Simon Johnson: I was the chief economist at the International Monetary Fund through August of 2008 and when the crisis broke really intensely in September, James Kwak and I set up a blog, Baseline Scenario, where we follow the crisis, we wrote about what was happening, we made policy proposals. We did the kind of thing that I had done at the IMF, but in a completely open source, private sector way for free over the web. And as we wrote and as we were engaged in this analysis we were quite horrified by how well the banks were being treated and the bankers were being treated despite the fact that they had messed up so massively. And it really came together for us in this meeting of 13 bankers at the White House in March of 2009. We felt that that meeting represented a lot of what had gone wrong with policy towards banks and more broadly, in this country and we wrote the book really to try and urge people in Washington and more broadly to reconsider and to change that policy.

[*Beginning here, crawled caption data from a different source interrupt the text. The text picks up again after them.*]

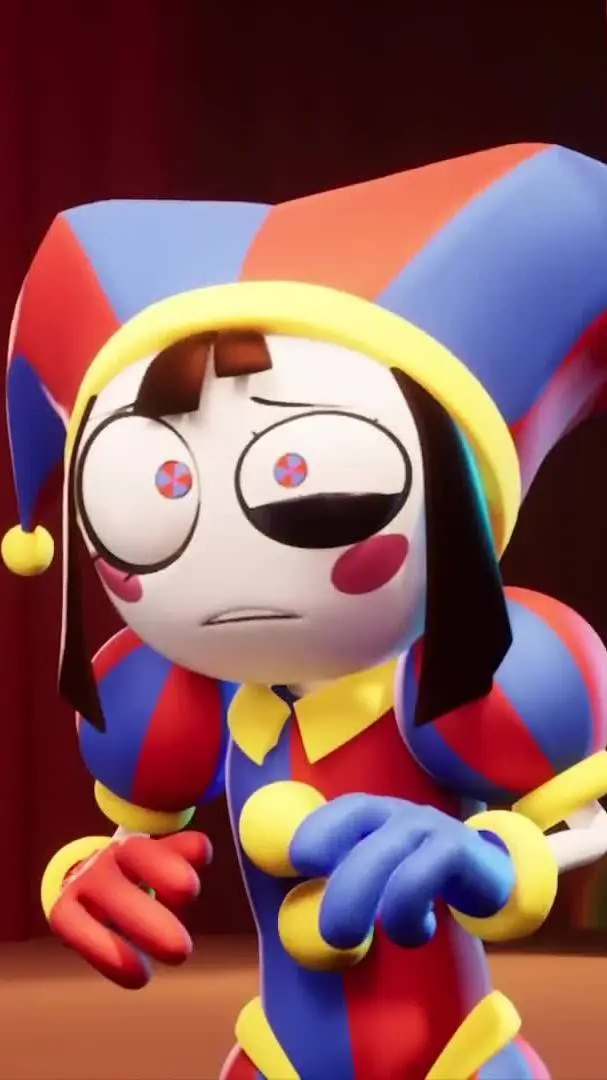 ai character: Pomni background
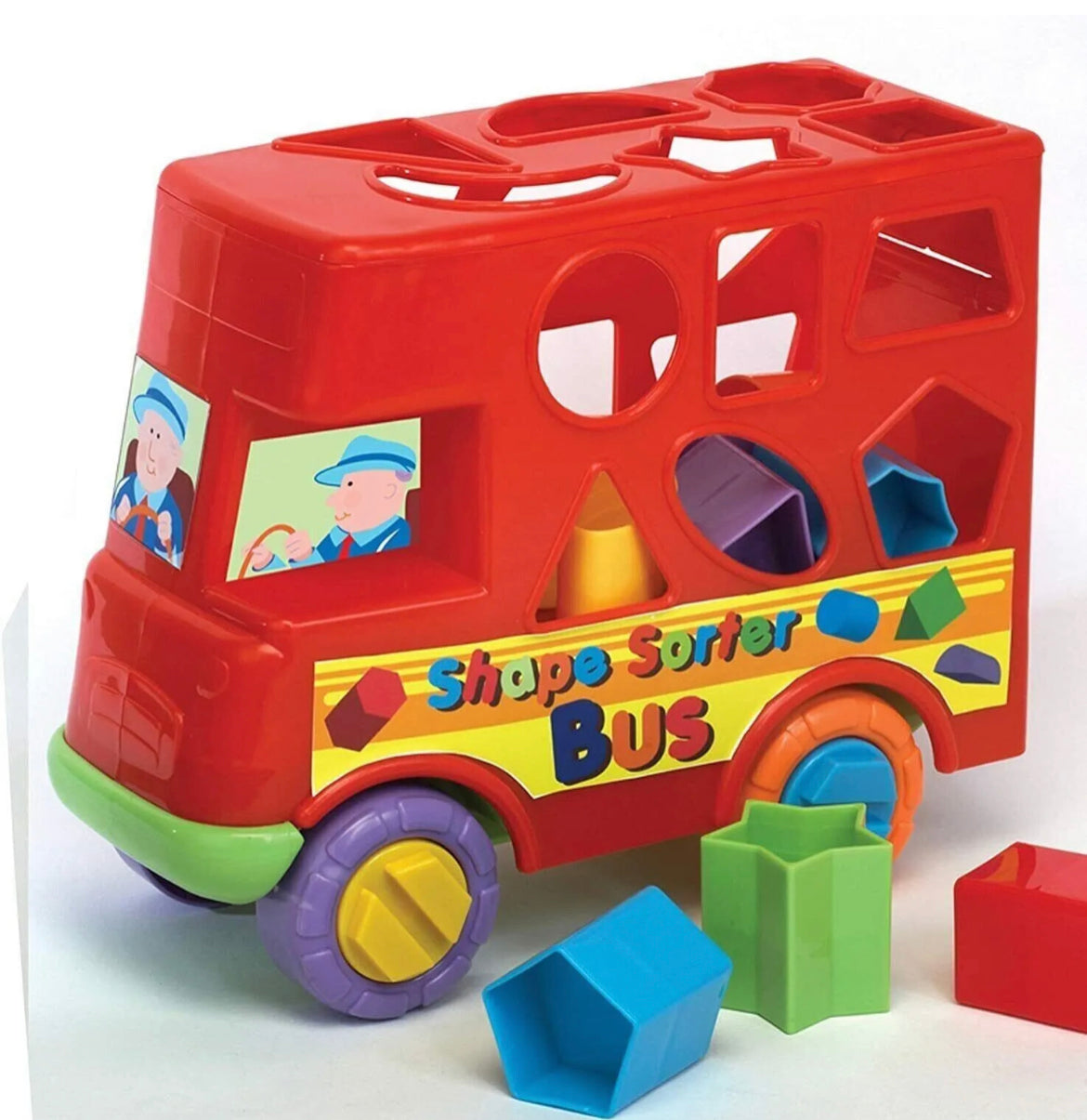 Bus Shape Sorter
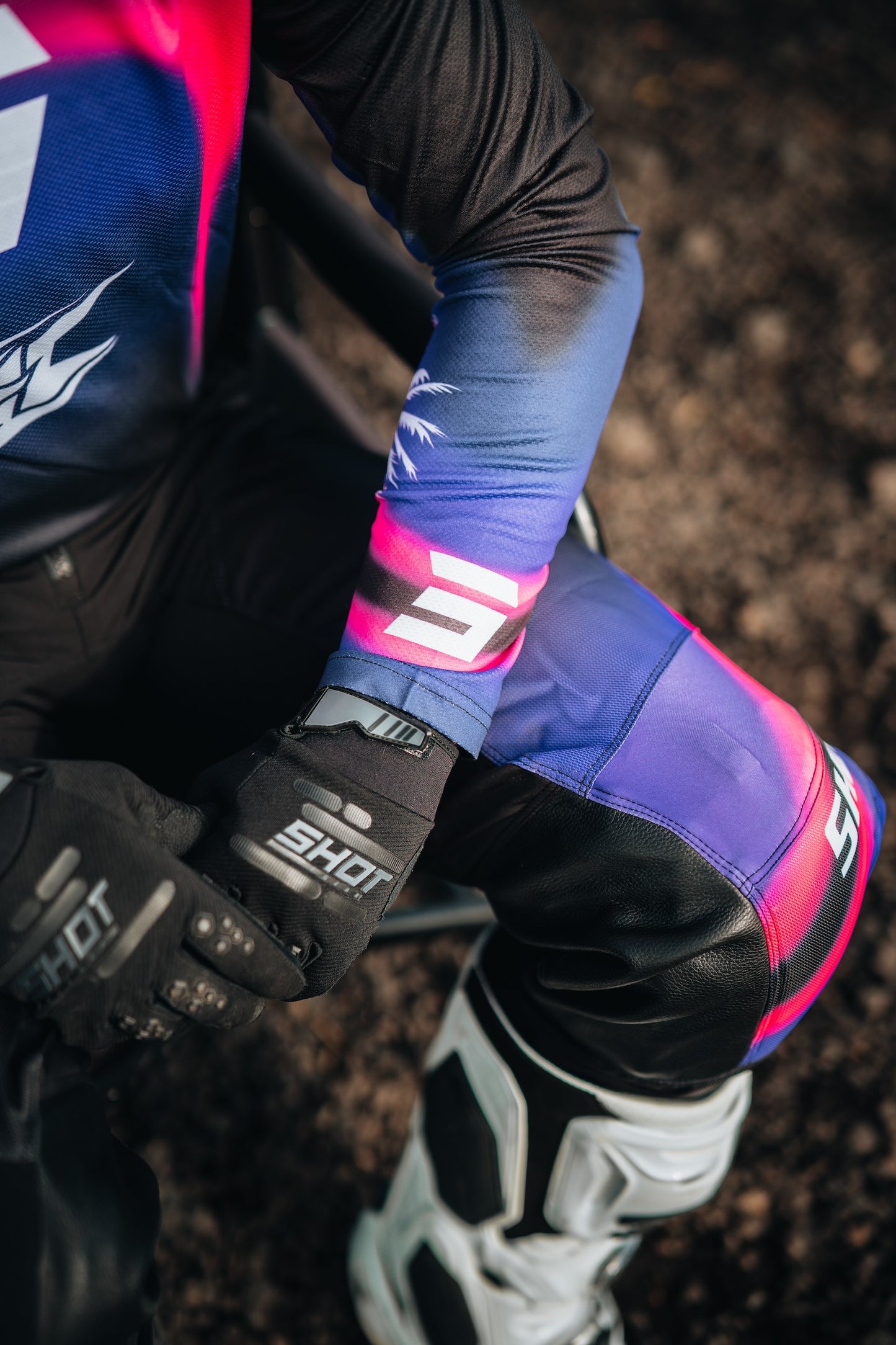 Tenue motocross FSLC X SHOT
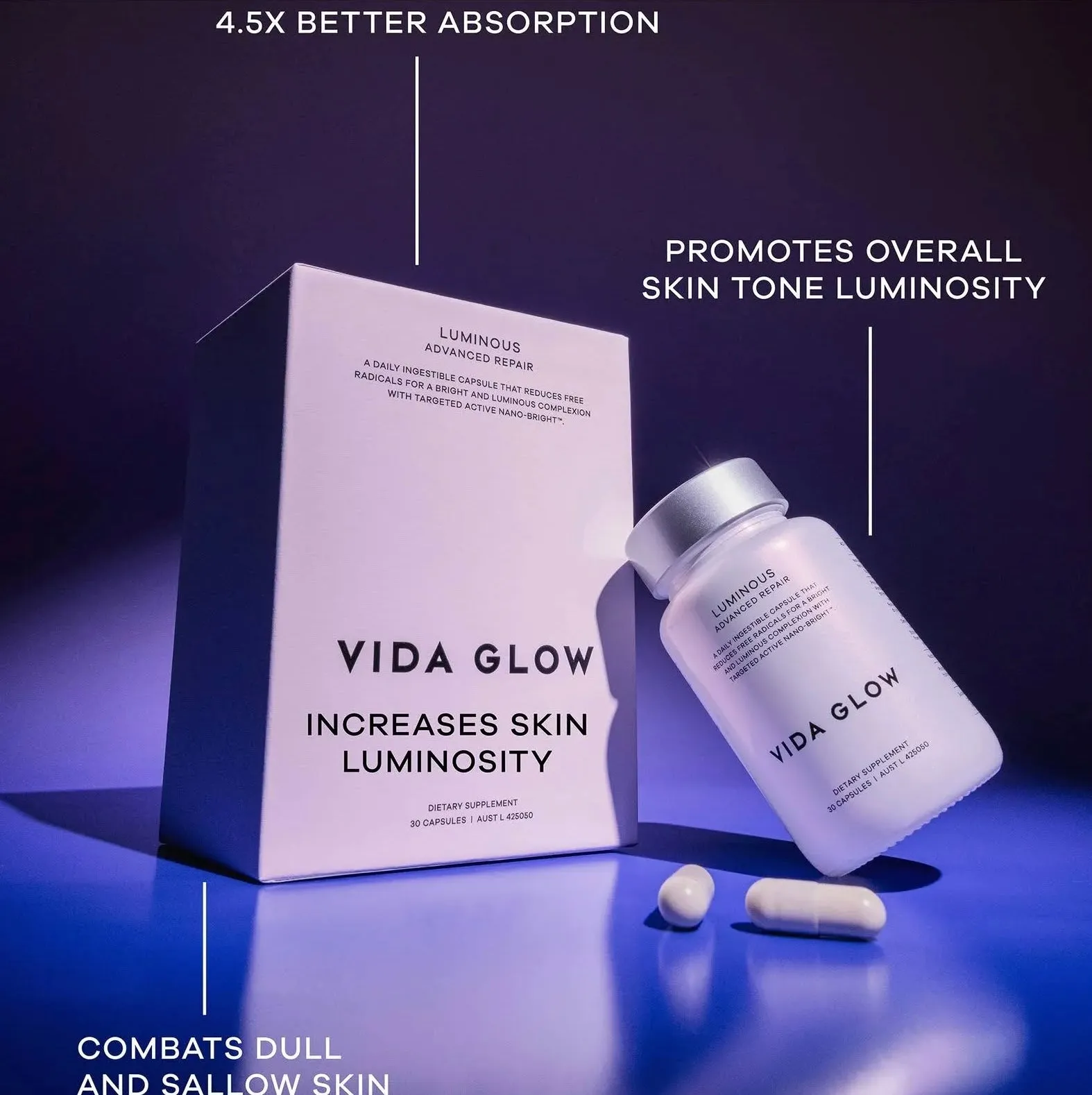 Vida Glow Luminous Advanced Repair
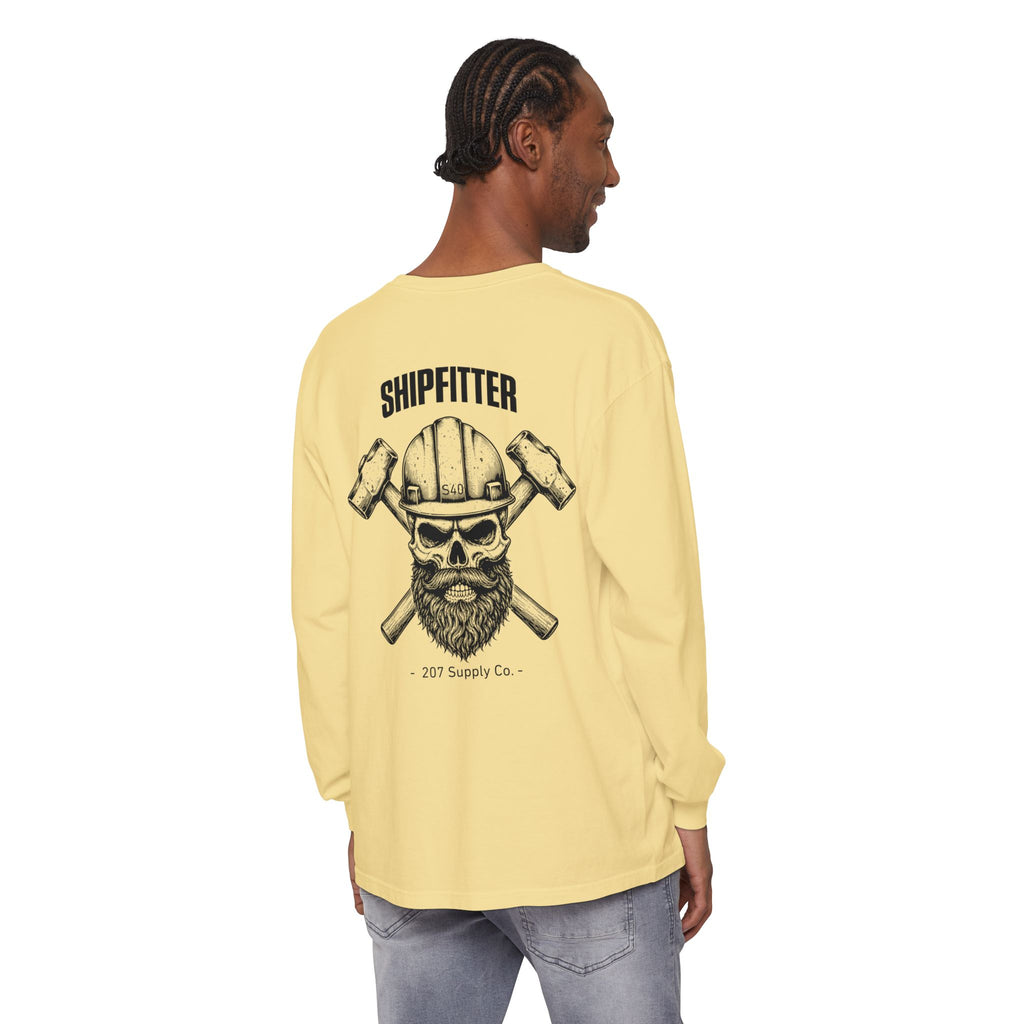 Shipfitter Skull & Hammer Long Sleeve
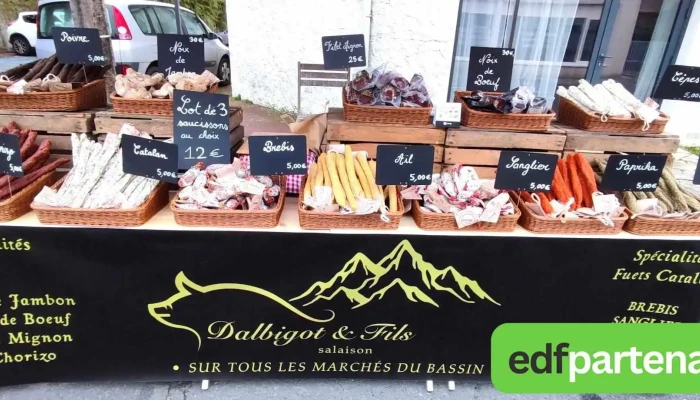 Dalbigot Fils Salaison Interieur - Audenge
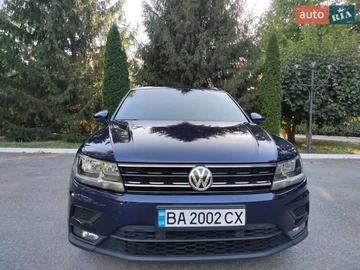 Авто Volkswagen Tiguan 2017 № 7931829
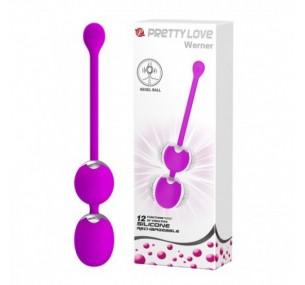 Вагинальные шарики с вибрацией Pretty Love Werner Вагинальные шарики с вибрацией Pretty Love Werner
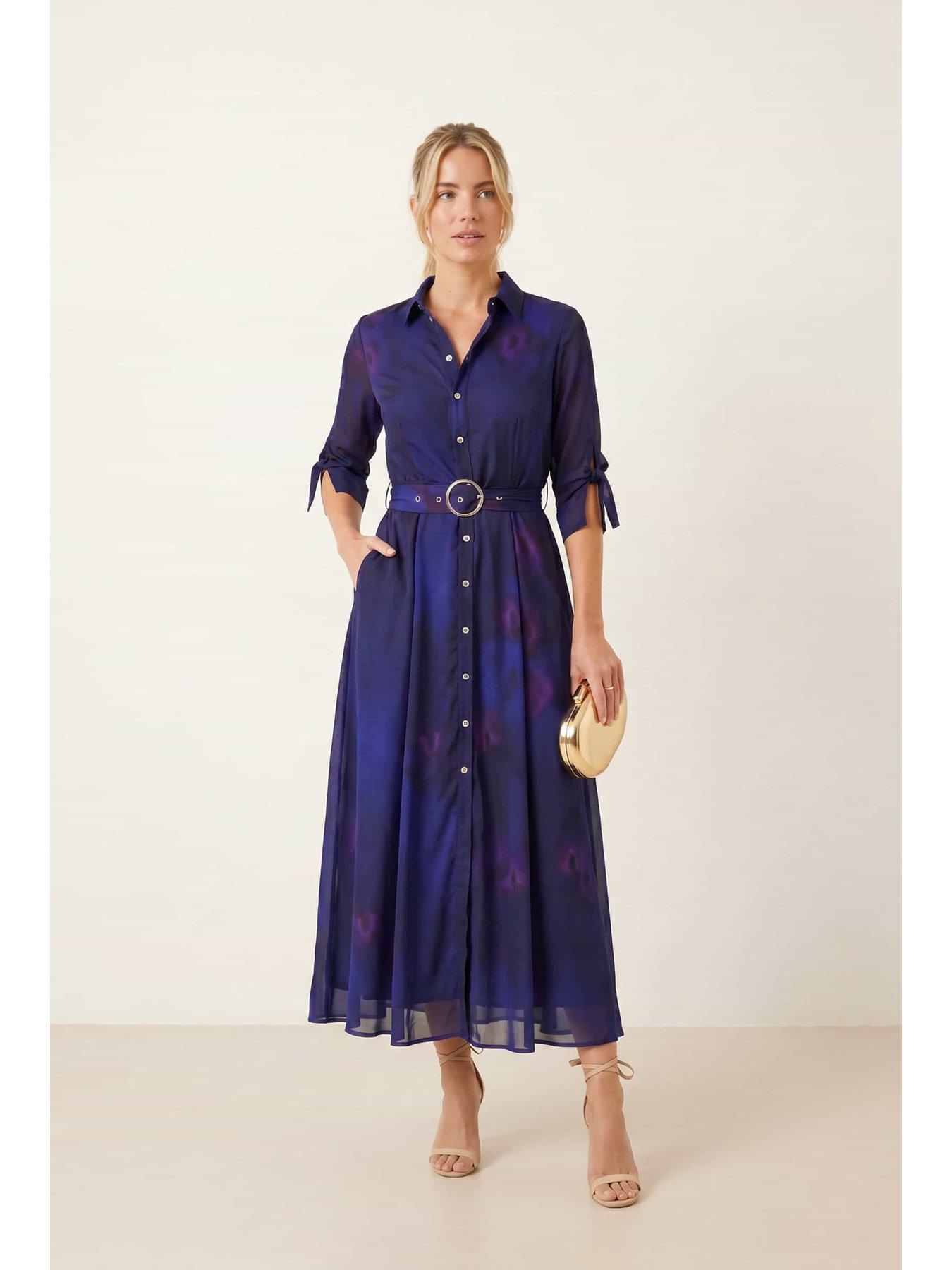 Image 2 of 7 of Style Cheat Daphne Dress - Blue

This was a key moment, obviously. The Obama Administration had come in. They'd made some initial announcements about how they would deal with the financial sector, but nothing had really come together very clearly. Nothing was really believed in very much by the markets. They pulled these bankers into the White House and they had, at that point, the government, the administration, had the upper hand. They have, remember, the resources. They’re the only people with the resources to save the day in that kind of financial crisis. They can dictate the terms, completely.
Now, you can argue that perhaps you shouldn’t be too heavy-handed in this situation, but they erred completely on the other side. They said, “You will get to keep your banks, complete, as they currently exist,” and everything about your belief system and your incentive system—I mean, everything that got us into trouble remember, everything that caused this massive financial crisis—will remained undisturbed, at least for the time being. That’s extraordinary. That is, I think actually, almost unprecedented in the history of financial crises. For a government to save the day so decisively without conditions, without changing anything about the problems and the structures that have created the crisis. It didn’t make sense then, it doesn’t make sense now, and has created many problems that we have to deal with going forward.
Question: Why did the government act in that way?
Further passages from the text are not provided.